Command line interface for the code.


| Option                                                 | Description
|--------------------------------------------------------|---------------------------------------------------
| `--version`                                            | Show program version number and exit
| `-h`, `--help`                                         | Show this help message and exit
| `--ignore-links`                                       | Do not include any formatting for links
|`--protect-links`                                       | Protect links from line breaks surrounding them "+" with angle brackets
|`--ignore-images`                                       | Do not include any formatting for images
|`--images-to-alt`                                       | Discard image data, only keep alt text
|`--images-with-size`                                    | Write image tags with height and width attrs as raw html to retain dimensions
|`--images-as-html`                                      | Always write image tags as raw html; preserves "height", "width" and "alt" if possible.
|`-g`, `--google-doc`                                    | Convert an html-exported Google Document
|`-d`, `--dash-unordered-list`                           | Use a dash rather than a star for unordered list items
|`-b` `BODY_WIDTH`, `--body-width`=`BODY_WIDTH`          | Number of characters per output line, `0` for no wrap
|`-i` `LIST_INDENT`, `--google-list-indent`=`LIST_INDENT`| Number of pixels Google indents nested lists
|`-s`, `--hide-strikethrough`                            | Hide strike-through text. only relevant when `-g` is specified as well
|`--escape-all`                                          | Escape all special characters.  Output is less readable, but avoids corner case formatting issues.
| `--bypass-tables`                                      | Format tables in HTML rather than Markdown syntax.
| `--ignore-tables`                                      | Ignore table-related tags (table, th, td, tr) while keeping rows.
| `--single-line-break`                                  | Use a single line break after a block element rather than two.
| `--reference-links`                                    | Use reference links instead of inline links to create markdown

*A complete list is available [here](usage.md)*

__init__.py
-----------

This is where everything comes together.
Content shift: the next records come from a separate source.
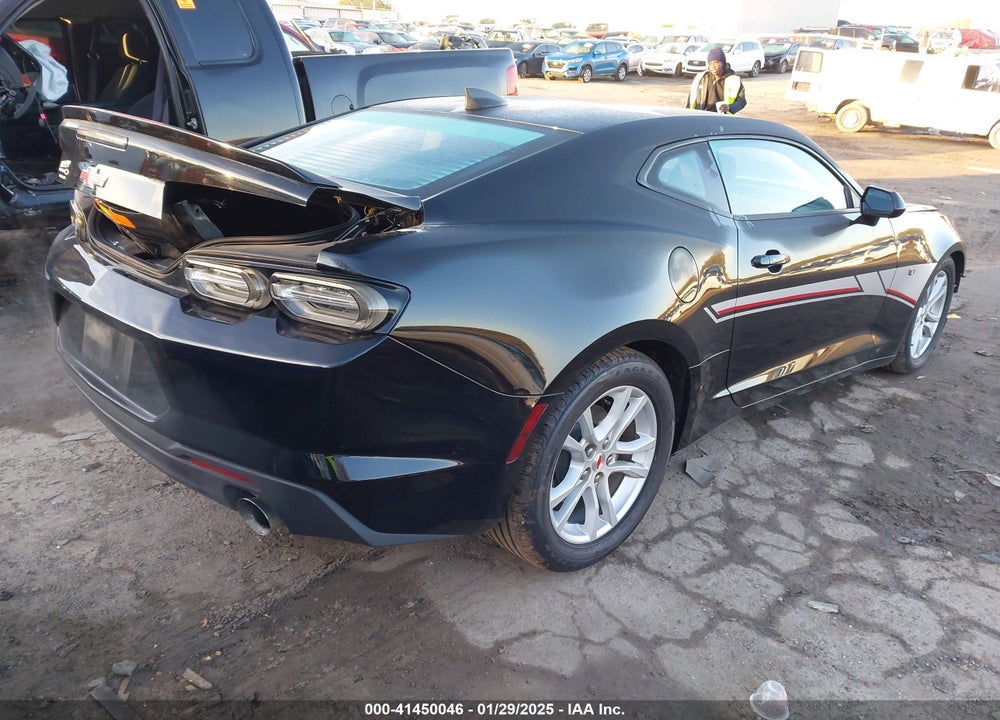 2020 CHEVROLET CAMARO VIN: 1G1FB1RX0L0145045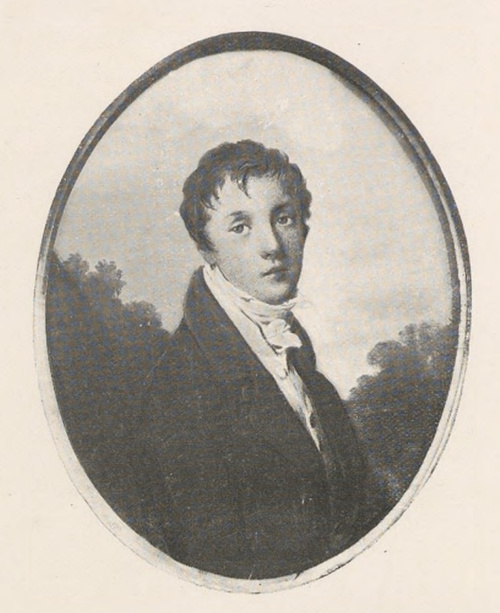 Aleksander Molinari: Portret hr. Augusta Potockiego.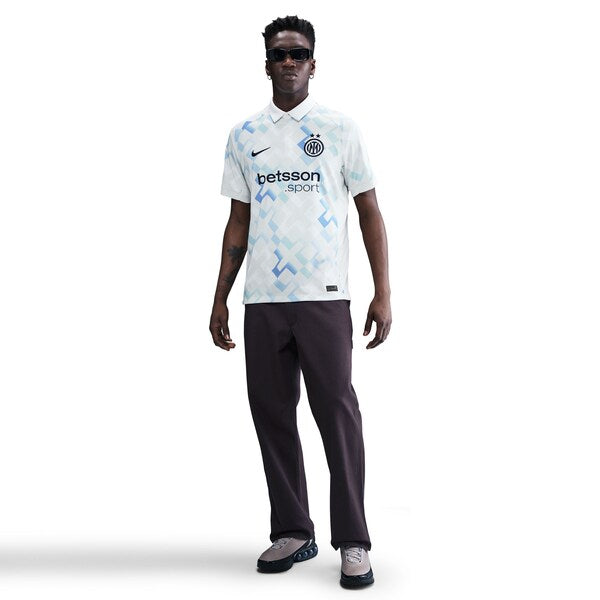 Inter Milan Nike 2025/26 Away Replica Jersey - Aqua/Blue - Image 6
This is the glue for all the
things we have described above.

This file describes a single HTML2Text class which is itself a subclass of the HTMLParser in python

Upon initialization it sets various config variables necessary for
processing the given html in a certain manner necessary to create valid
markdown text.
The class defines methods:

    - feed
    - handle
    - outtextf
    - close
    - handle_charref
    - handle_entityref
    - handle_starttag
    - handle_endtag
    - previousIndex
    - handle_emphasis
    - handle_tag
    - pbr
    - p
    - soft_br
    - o
    - handle_data
    - charref
    - entityref
    - google_nest_count
    - optwrap

Besides this there are 2 more methods defined:

    - html2text     :calls the HTML2Text class with .handle() method
    - unescape      :calls the HTML2Text class with .unescape() method

What they do is provide methods to make the HTML parser in python
parse the HTML and convert to markdown.